■ **Exercise objective**
Transcribe exactly the lines below that begin at the line with "Salatbesteck-Set 20 cm, 2-teilig, Edelstahl, Löffel" and stop after the line with "Jersey de encaje", leaving out every picture.

■ **Data to process**
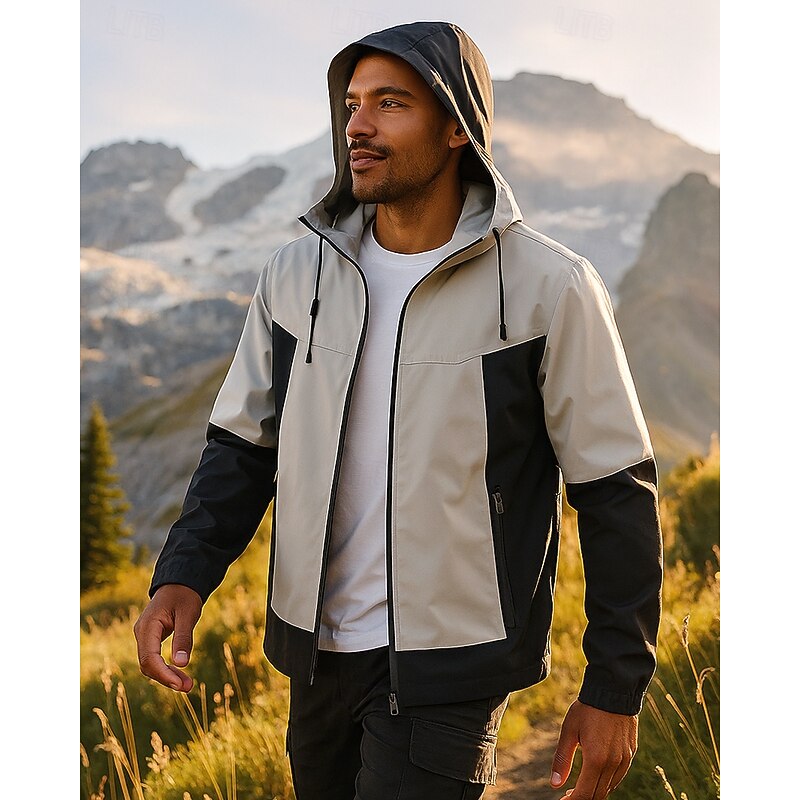Men's Hiking Jacket Sport Jacket rain coat Outdoor Waterproof Breathable Quick Dry Lightweight Hiking Outfits Hiking Clothes Spring Autumn / Fall Jacket Tennis Golf Running Patchwork Dark Grey Dark3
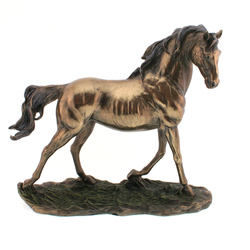Ügető ló,  bronz hatású polyresin szobor, 27x24x9,5cm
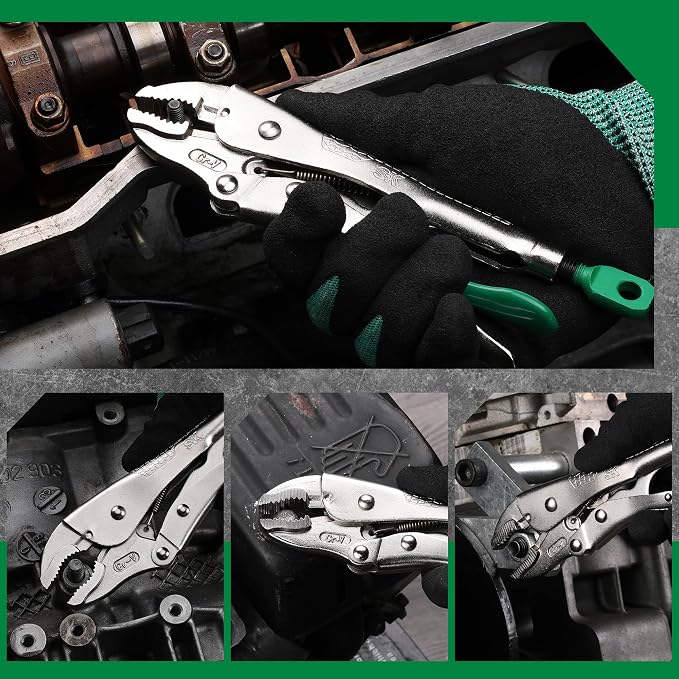 SK 7" Curved Jaw Locking Pliers, Vice Grips, Premium CR-V Steel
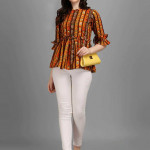 Yellow & Brown Printed Waist Top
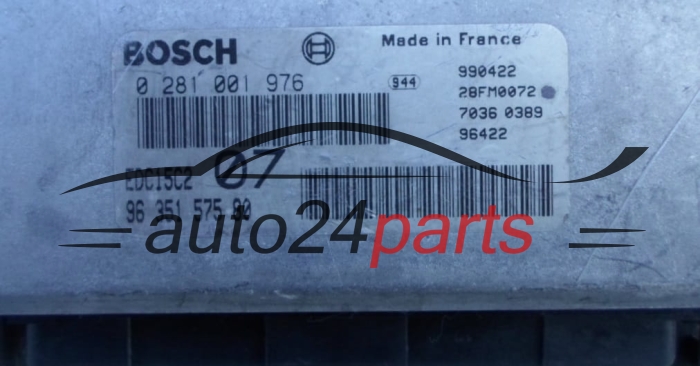 CENTRALINA MOTORE CITROEN XSARA PEUGEOT 306 2.0 BOSCH 0281001976, 0 281 001 976, 9635157580, 96 351 575 80, EDC15C2 07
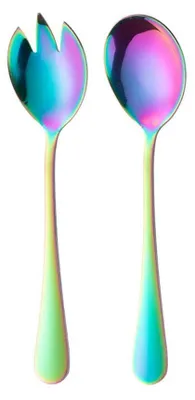 Salatbesteck-Set 20 cm, 2-teilig, Edelstahl, Löffel und Gabel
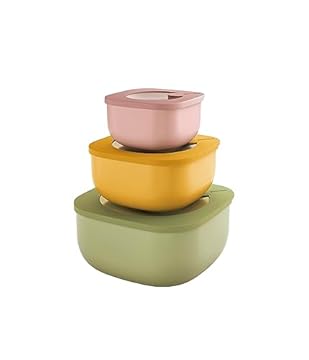 Guzzini - Kitchen Active Design, STORE&MORE BIO Set 3 Contenitori Ermetici Bassi per Frigo/Freezer/Microonde - Multicolore, 19,5 x19,5 x h9,3 cm | 450/975/1900 cc - 17072552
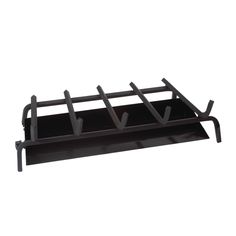 a black metal shelf with three hooks on it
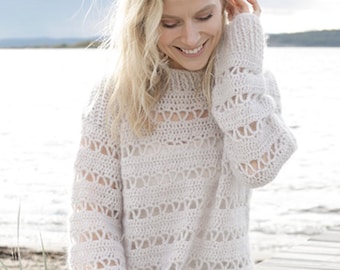 Jersey de encaje de conchas hecho a mano – Jersey ligero de ganchillo / Top de punto veraniego vaporoso / Jersey estilo playa en alpaca / lana / mohair / seda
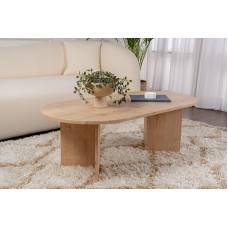 Hanah Home Elegant Coffee Table, Sapphire Oak, 119 x 39.8 x 60 cm, 100% Melamine Coated Particle Board, 18 mm Thickness, Stylish & Functional for Modern Living Spaces
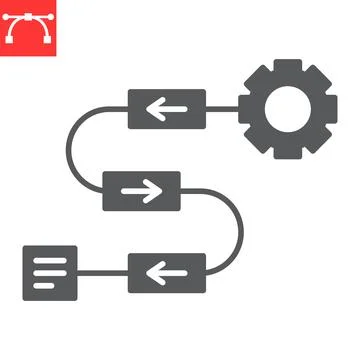 Workflow glyph icon Stock Illustration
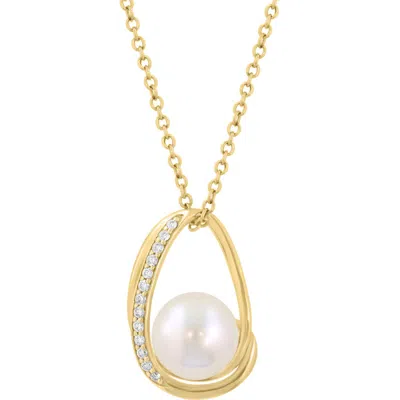 Effy Freshwater Pearl & Diamond Pendant Necklace In White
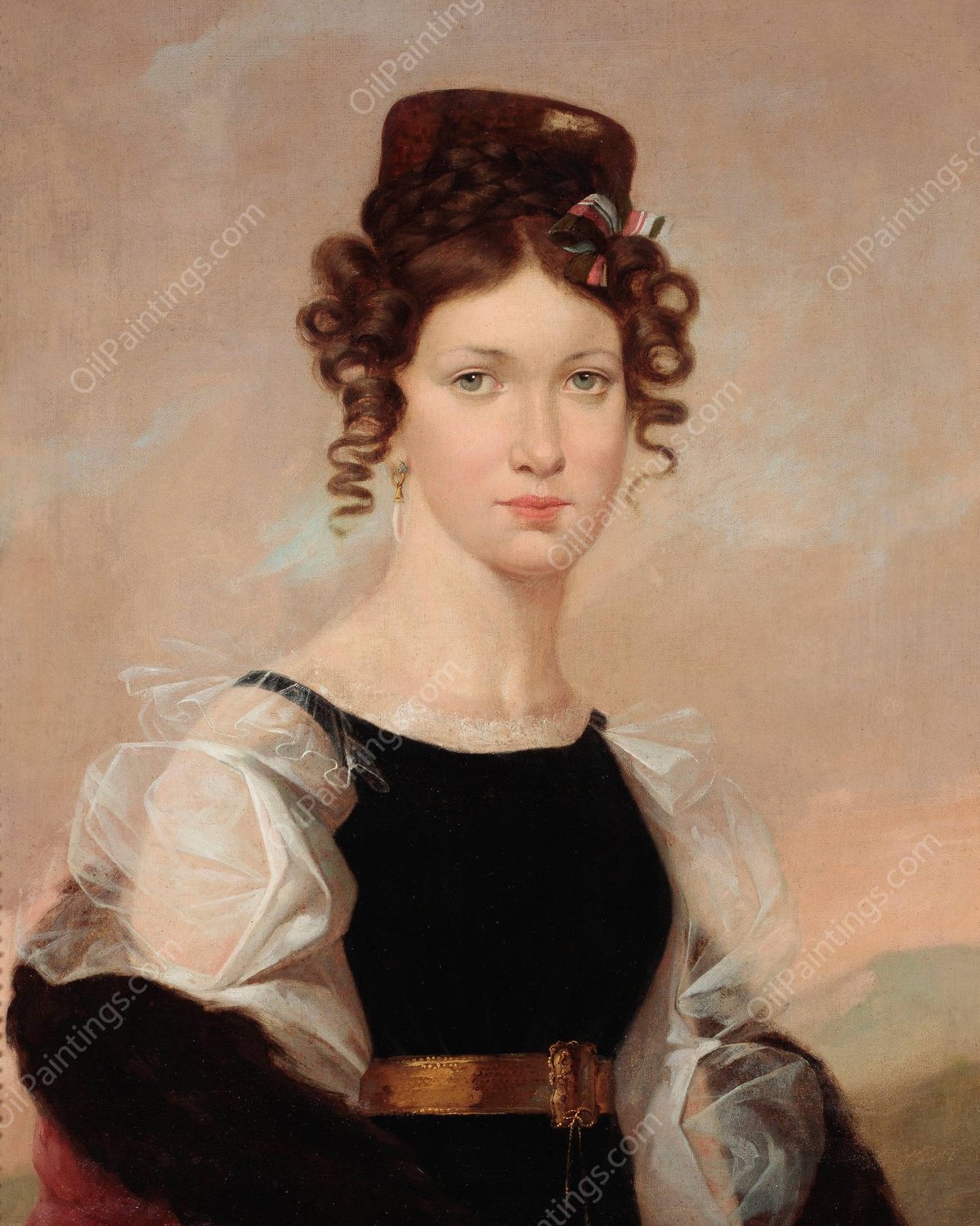 Portrait of Antonina Gepner nee Czyszkowska  by Rafal Hadziewicz - Hand-Painted Oil Painting Reproduction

■ **Response below**
 Salatbesteck-Set 20 cm, 2-teilig, Edelstahl, Löffel und Gabel
 Guzzini - Kitchen Active Design, STORE&MORE BIO Set 3 Contenitori Ermetici Bassi per Frigo/Freezer/Microonde - Multicolore, 19,5 x19,5 x h9,3 cm | 450/975/1900 cc - 17072552
 a black metal shelf with three hooks on it
 Jersey de encaje de conchas hecho a mano – Jersey ligero de ganchillo / Top de punto veraniego vaporoso / Jersey estilo playa en alpaca / lana / mohair / seda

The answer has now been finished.